Opinion
2000-02475
Argued March 22, 2002.
April 29, 2002.
Appeal by the defendant from a judgment of the Supreme Court, Queens County (Rosengarten, J.), rendered February 22, 2000, convicting him of attempted robbery in the first degree (two counts), criminal possession of a weapon in the fourth degree, and violation of Administrative Code of City of New York § 10-304, upon a jury verdict, and imposing sentence.
Andrew C. Fine, New York, N.Y. (Lorca Morello of counsel), for appellant.
Richard A. Brown, District Attorney, Kew Gardens, N.Y. (John M. Castellano, Jeanette Lifschitz, and Doreen S. Martin of counsel), for respondent.
Before: MYRIAM J. ALTMAN, J.P., LEO F. McGINITY, SANDRA L. TOWNES, STEPHEN G. CRANE, JJ.
ORDERED that the judgment is affirmed.
The defendant contends that the Supreme Court erred in failing to, sua sponte, order a second CPL 730.30 examination during the trial, even though two psychiatric examiners concluded prior to trial that he was fit to proceed.
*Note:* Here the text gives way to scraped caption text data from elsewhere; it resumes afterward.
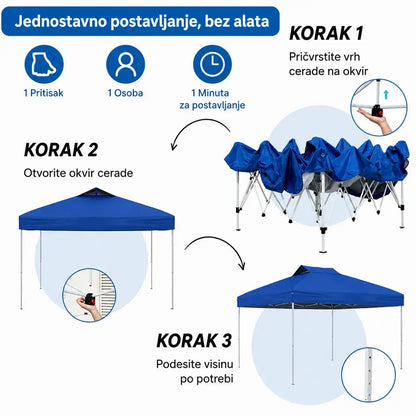 Venturo Garden 3x3m Plavi Paviljon sa mehanizmom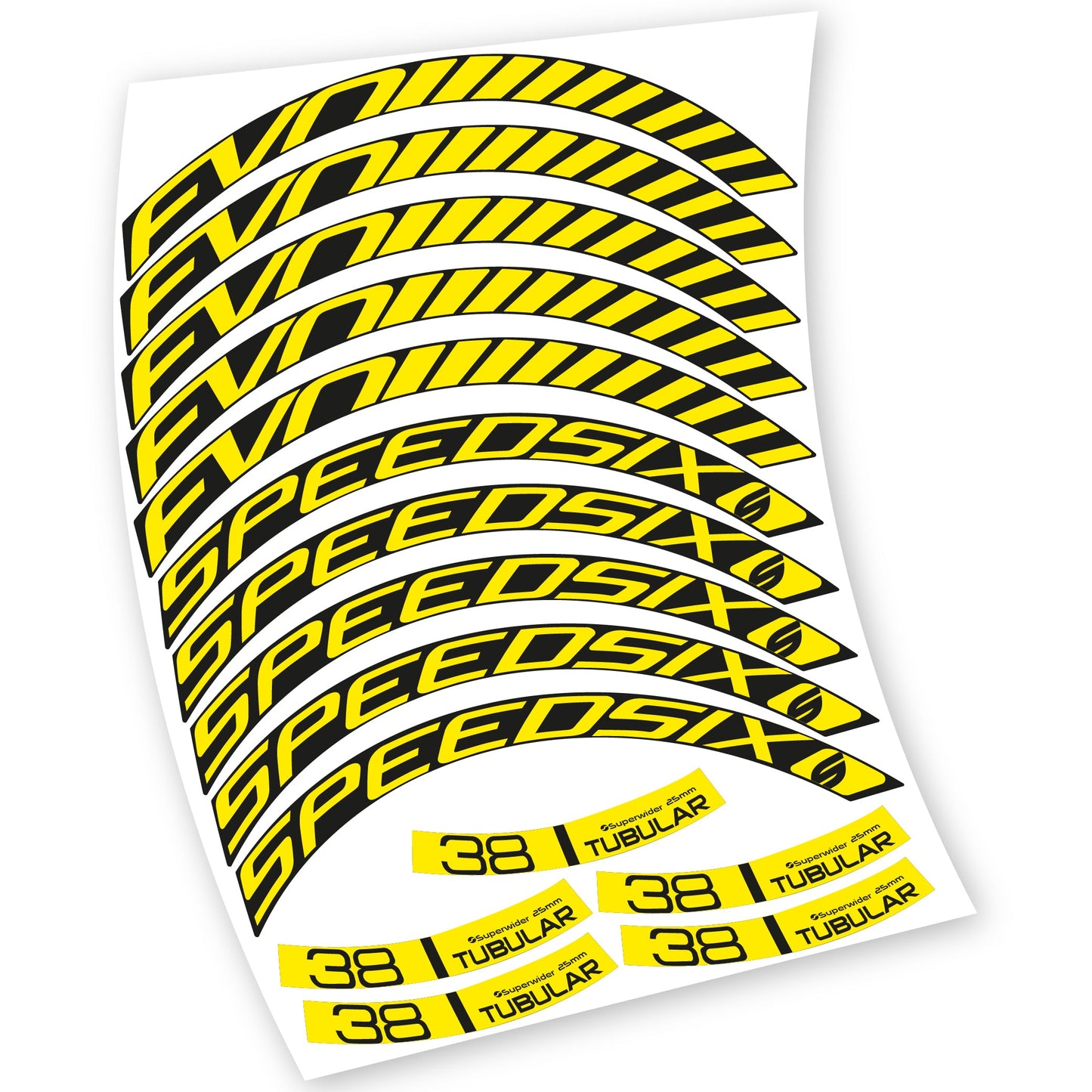 Autocollant Roues Route, Speedsix Evo 38. Autocollant Vélo Vinyle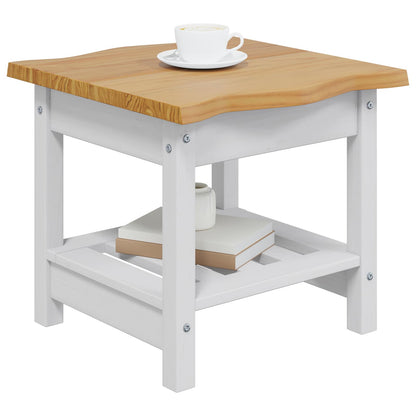 VidaXL Side Table EKAI White 50 x 50 x 45.5 cm Solid Pine Wood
We disagree.
The test of a defendant's mental competency is whether he or she has sufficient present ability to consult with his or her lawyer with a reasonable degree of rational understanding and whether he or she has a rational as well as factual understanding of the proceedings against him or her (see People v. Francabandera, 33 N.Y.2d 429, 436; Dusky v. United States, 362 U.S. 402; People v. Picozzi, 106 A.D.2d 413). If the court has reasonable grounds to question the defendant's competency during the trial, it must order an examination, even if none is requested (see CPL 730.30; Pate v. Robinson, 383 U.S. 375; People v. Smyth, 3 N.Y.2d 184; People v. Bancroft, 110 A.D.2d 773, 774).
Pursuant to a court order, two psychiatrists examined the defendant prior to trial and determined that he was competent to stand trial. Nothing occurred during the trial to suggest that his condition had deteriorated and he was no longer competent (see People v. Mokrzycki, 216 A.D.2d 493; People v. Rogers, 163 A.D.2d 337). Although the defendant made some peculiar statements during trial, he exhibited an understanding of the proceedings throughout and actively participated in his defense. Accordingly, the court properly exercised its discretion in not directing an additional CPL 730.30 examination of the defendant on its own motion (see People v. Savona, 176 A.D.2d 362; People v. Kestin, 134 A.D.2d 453).
ALTMAN, J.P., McGINITY, TOWNES and CRANE, JJ., concur.